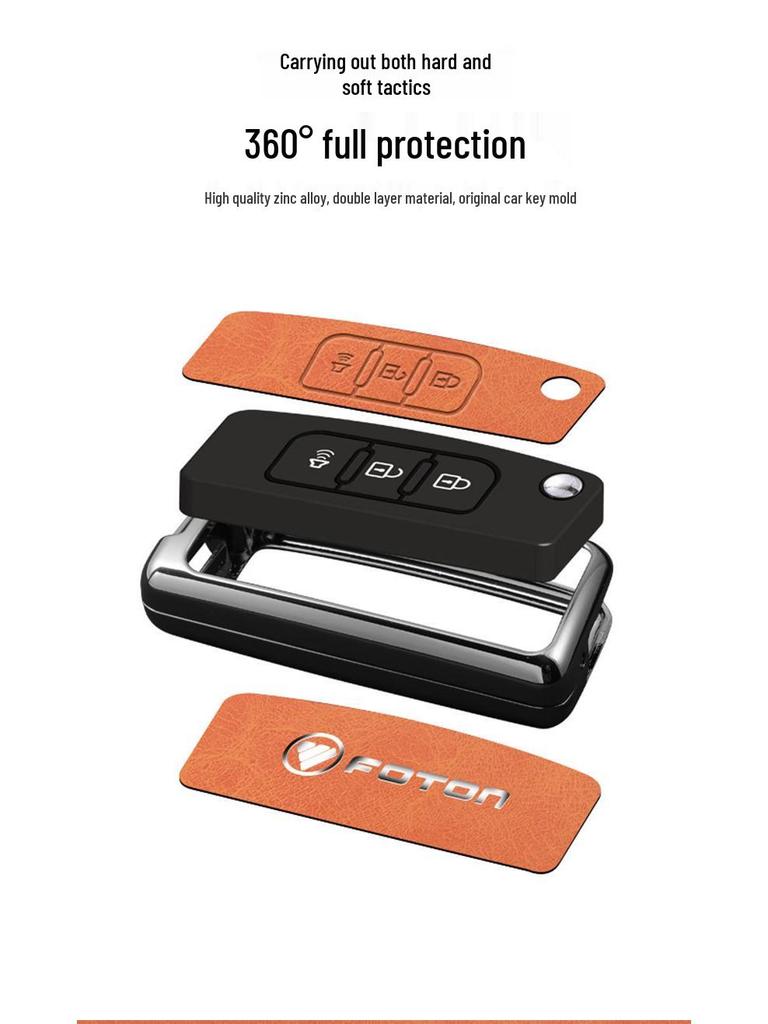 Genuine Leather Metal Shell Case for Applicable Tianxiangling M2 Key and M1 Era M3 Xiangling Navigator Large Truck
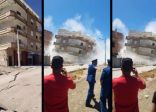 مشاهد مروعة.. خسف أرضي وانهيار منازل من عدة طوابق إثر هزات زلزالية قوية ضربت الجزائر -صور وفيديو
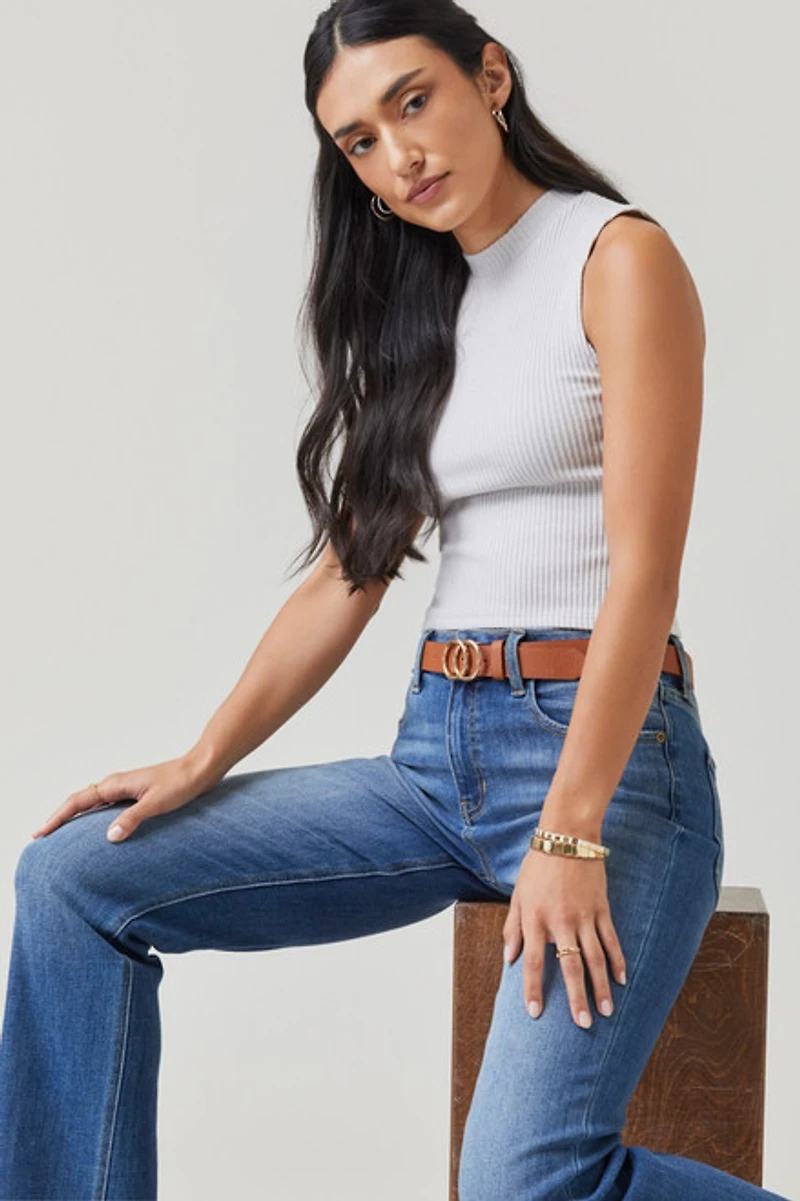 Christie Brushed Rib Tank Top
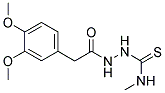 1-(2-(3,4-DIMETHOXYPHENYL)ACETYL)-4-METHYLTHIOSEMICARBAZIDE Struktur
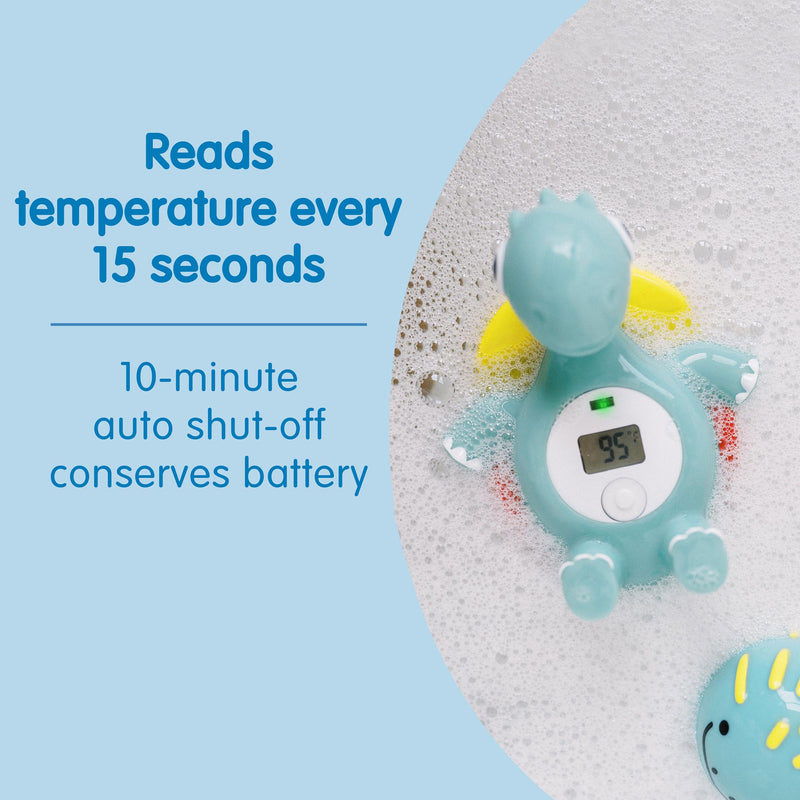 Dr. Brown's CleanUp Temposaurus Floating Bath Thermometer for Accurately Measuring Baby's Bath Water Temperature, BPA Free Temposaurus Bath Thermometer - BeesActive Australia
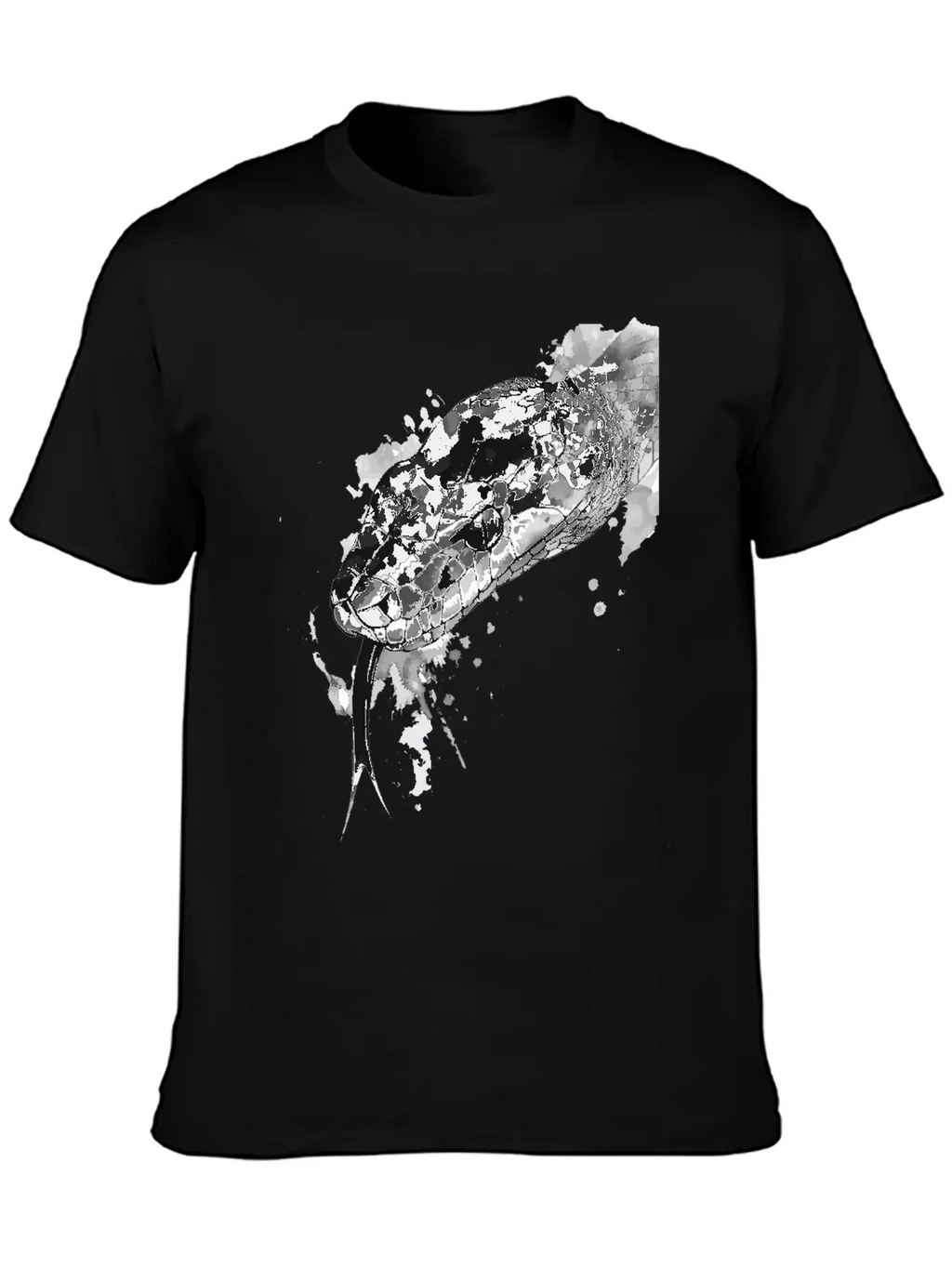 Snake Breathable Graphic T-Shirt – Perfect For Casual Days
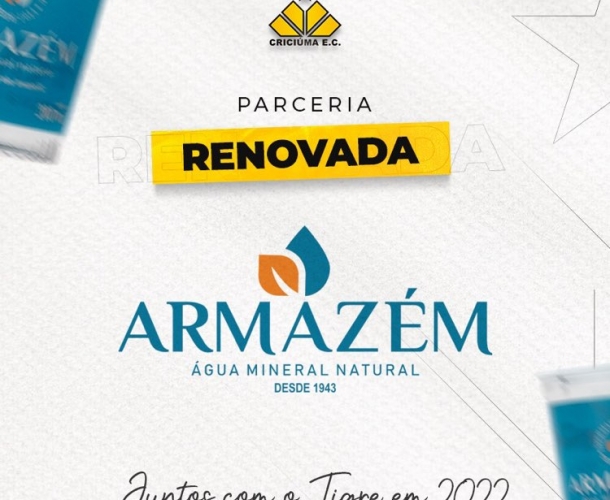 Criciúma e Água Mineral Armazém renovam parceria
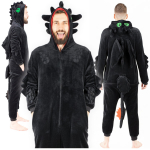 Kigurumi &uuml;likond soe pidžaama Night Fury Toothless meeste kombinesoon m M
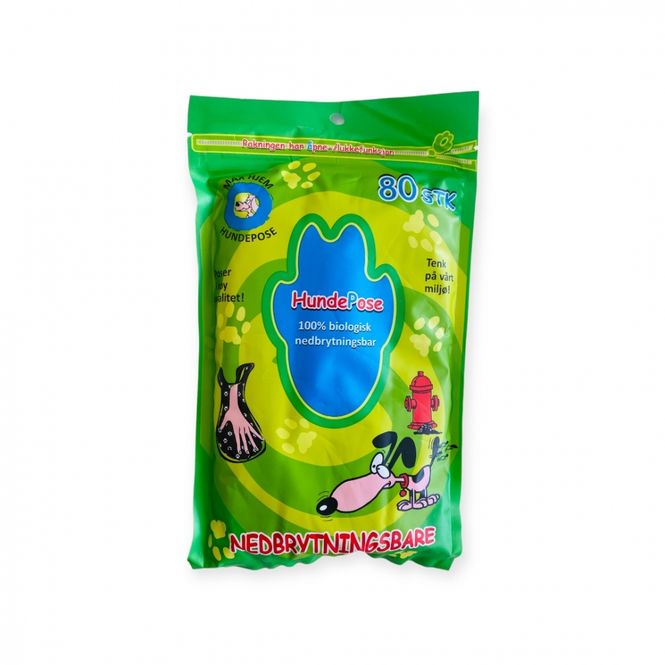 Hovedbilde Hundeposer med knyting 80 pk.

§ §

> **Activity**: All lines from the one containing "Christie Brushed Rib Tank Top" through the end of the data are to be written out exactly, with nothing added; skip the pictures.

> **Answer for the task**:
 Christie Brushed Rib Tank Top
 1-(2-(3,4-DIMETHOXYPHENYL)ACETYL)-4-METHYLTHIOSEMICARBAZIDE Struktur
 Dr. Brown's CleanUp Temposaurus Floating Bath Thermometer for Accurately Measuring Baby's Bath Water Temperature, BPA Free Temposaurus Bath Thermometer - BeesActive Australia
 Snake Breathable Graphic T-Shirt – Perfect For Casual Days
 Criciúma e Água Mineral Armazém renovam parceria
 Kigurumi &uuml;likond soe pidžaama Night Fury Toothless meeste kombinesoon m M
 Hovedbilde Hundeposer med knyting 80 pk.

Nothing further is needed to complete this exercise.